Et à chaque fois, la combine fonctionne : attendre qu’un client esseulé du luxueux établissement s’arrête enfin, lui faire la conversation et « aller plus loin s’il en a envie ». Ce n’est pas de la prostitution, assure-t‑elle. Cela lui permet de « rencontrer des hommes d’un certain standing » et «de recevoir des cadeaux, de se payer des choses ». Son petit business, Eugénie l’assume. Il lui permettra « un jour » d’en lancer un plus grand, de créer sa propre marque de vêtements.

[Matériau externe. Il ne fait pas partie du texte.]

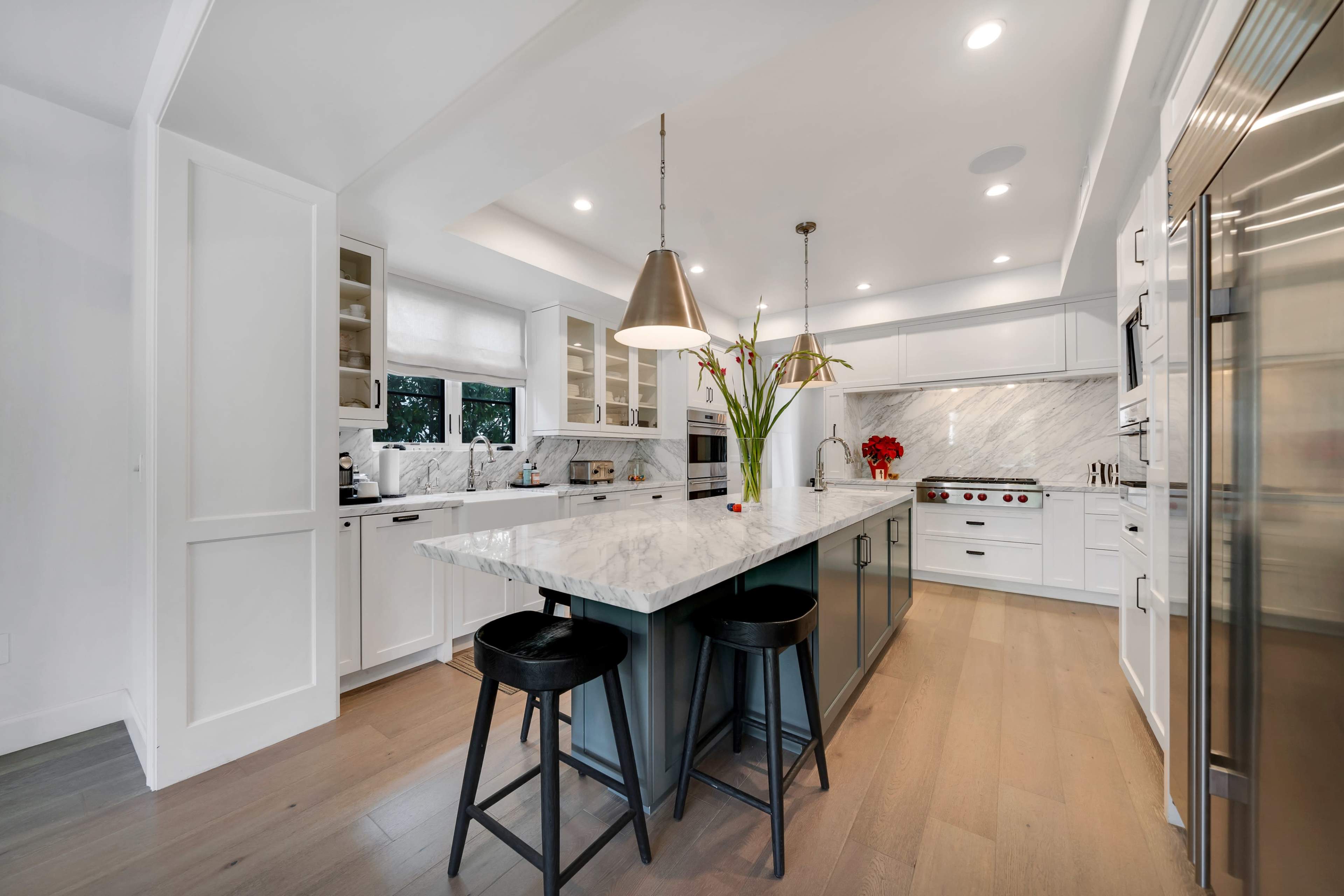 A modern kitchen features a large marble island with bar stools, sleek cabinetry, and high-end appliances.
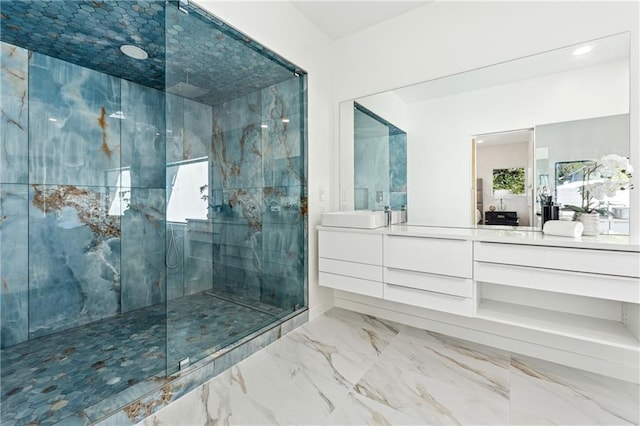 bathroom with a marble finish shower, vanity, and marble finish flooring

Lagos, ville aux mille rêveurs
Aucune chance que ses parents soient au courant de son activité nocturne : « This is Lagos », dit-elle en souriant. Dans cette mégalopole de 20 millions d’habitants, la plus peuplée d’Afrique, on peut se dédoubler, segmenter sa vie et en cacher certains aspects.
Avec son chaos organisé, ses gratte-ciel et ses bidonvilles, ses milliers de « kéké » (tricycles à moteur) et ses 4×4 luisants, ses supermarchés et ses vendeurs ambulants, son bruit de générateur permanent et ses coupures de courant, ses bo uchons et ses trajets interminables, ses innovations quotidiennes et ses archaïsmes inattendus, ses caricatures et, finalement, son exceptionnelle singularité, Lagos l’ogresse absorbe tout. Les espoirs, surtout. Pour vous les rendre, concrétisés ou anéantis, c’est selon.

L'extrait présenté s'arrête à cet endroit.